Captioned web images
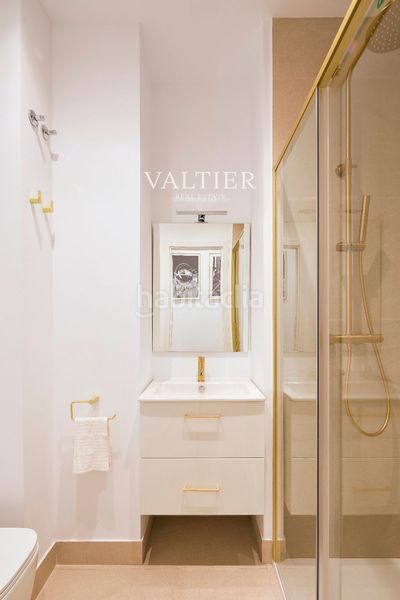 Foto e3bdbcbc-6ded-4994-a6a6-5b3fe45c8553. Pis a Embajadores-Lavapiés Madrid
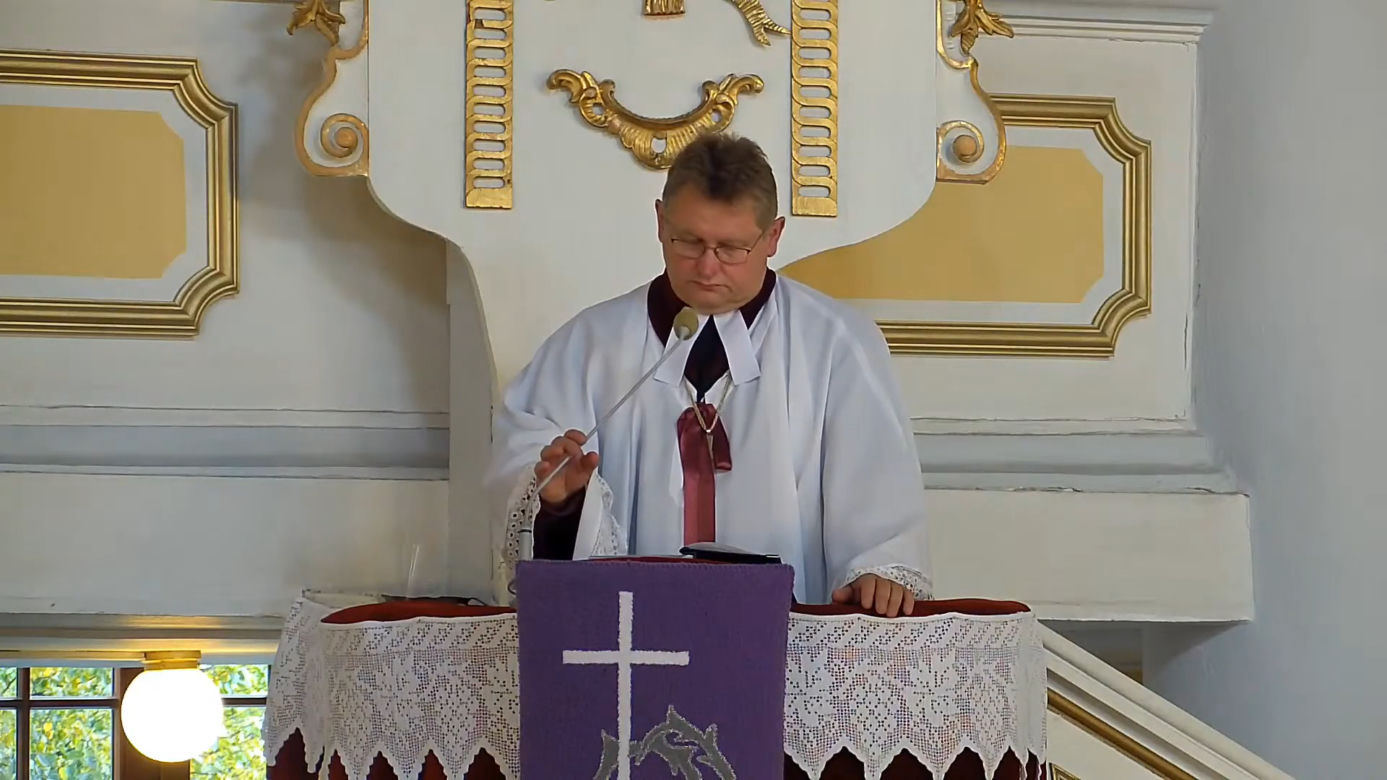 Ustroń: Ks. Piotr Wowry zmarł na koronawirusa. Na pogrzebie żegnały go tłumy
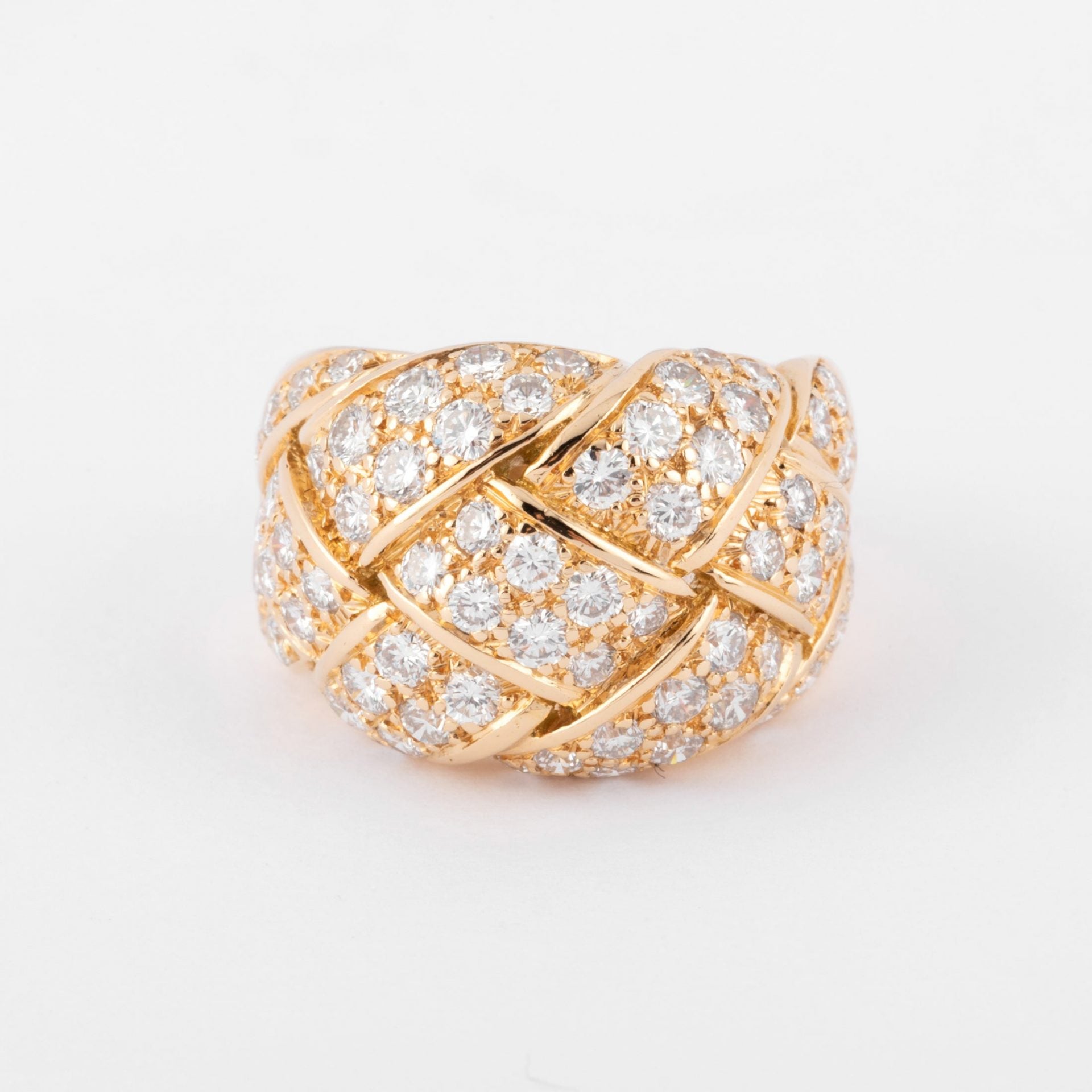 Van Cleef & Arpels, yellow gold and diamond ring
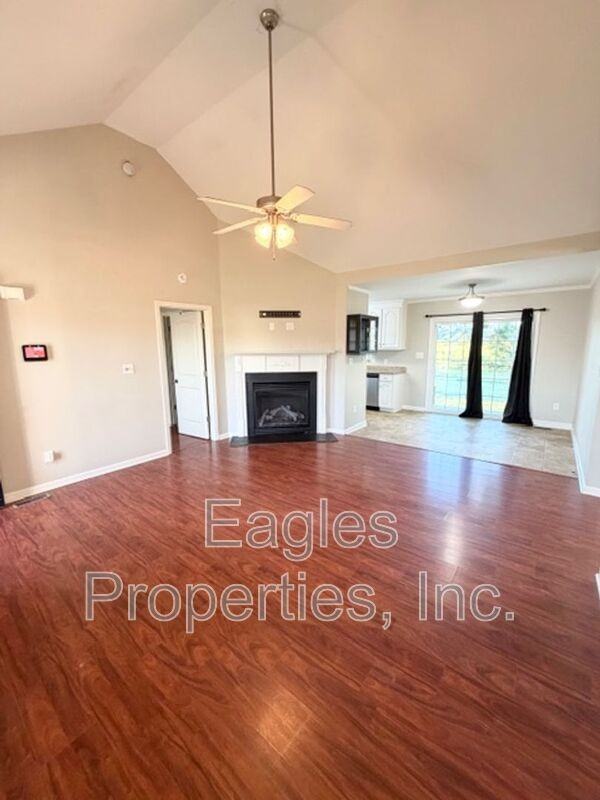 200 Labrador Ct - Photo 2 of 16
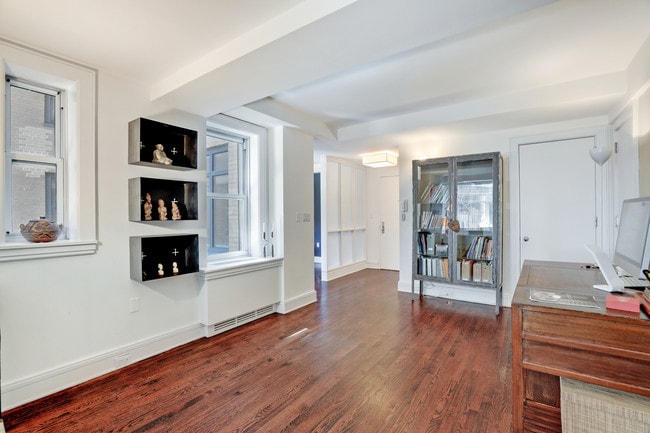 Photo - 170 E 77th St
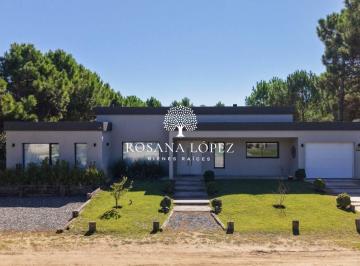 RLB-RLB-68_2 · Casa 3 Dorm.. | de La Cincha Al 300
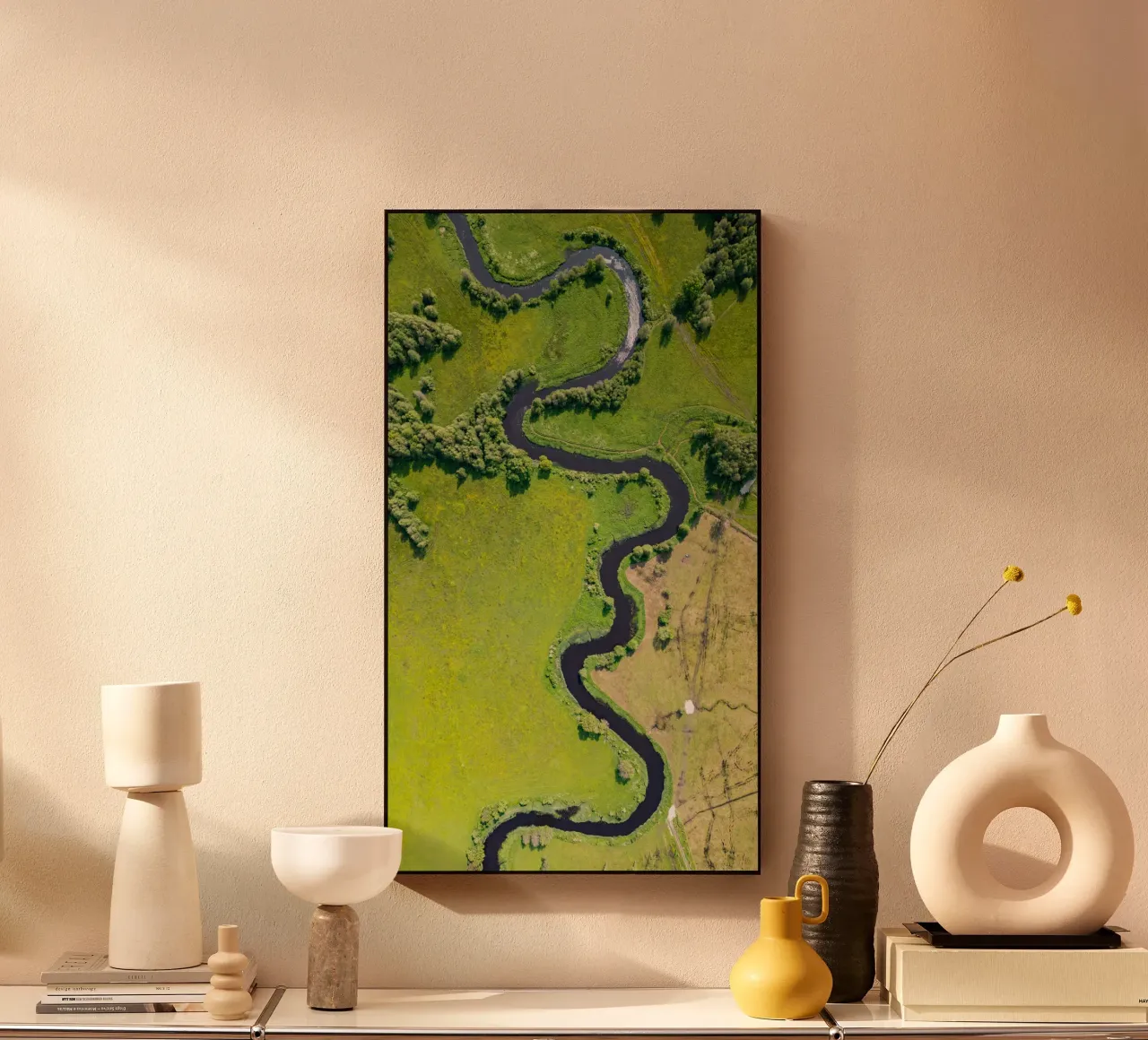 Vue aérienne d'une rivière sinueuse en Estonie plexiglas de anderm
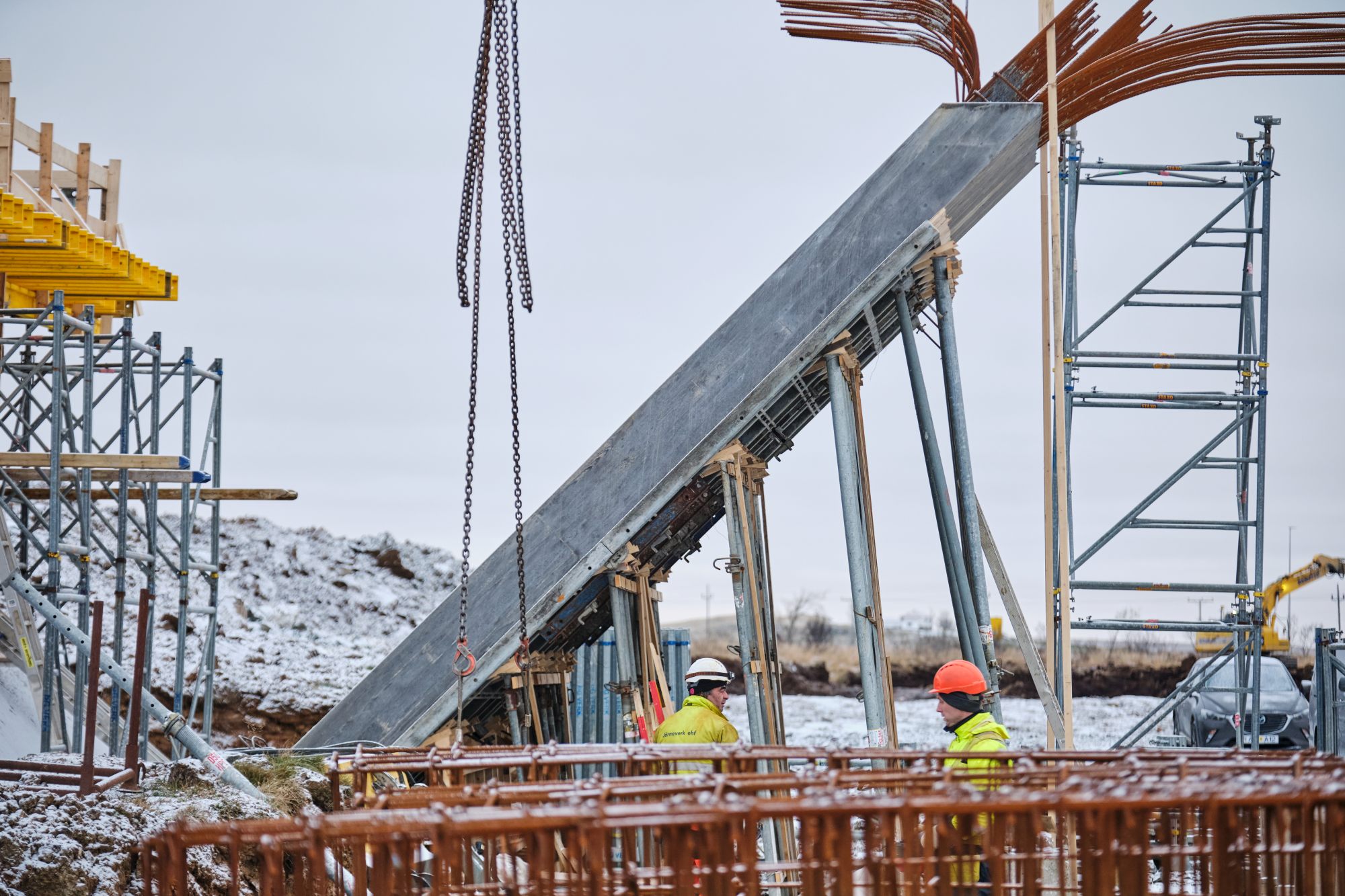 Austan við Selfoss er unnið að byggingu brúar sem reist verður yfir nýjan hluta Hringvegar.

**Work instruction**.
Would you reproduce the lines above exactly, without carrying over the pictures?

**Exercise solution**.
 Foto e3bdbcbc-6ded-4994-a6a6-5b3fe45c8553. Pis a Embajadores-Lavapiés Madrid
 Ustroń: Ks. Piotr Wowry zmarł na koronawirusa. Na pogrzebie żegnały go tłumy
 Van Cleef & Arpels, yellow gold and diamond ring
 200 Labrador Ct - Photo 2 of 16
 Photo - 170 E 77th St
 RLB-RLB-68_2 · Casa 3 Dorm.. | de La Cincha Al 300
 Vue aérienne d'une rivière sinueuse en Estonie plexiglas de anderm
 Austan við Selfoss er unnið að byggingu brúar sem reist verður yfir nýjan hluta Hringvegar.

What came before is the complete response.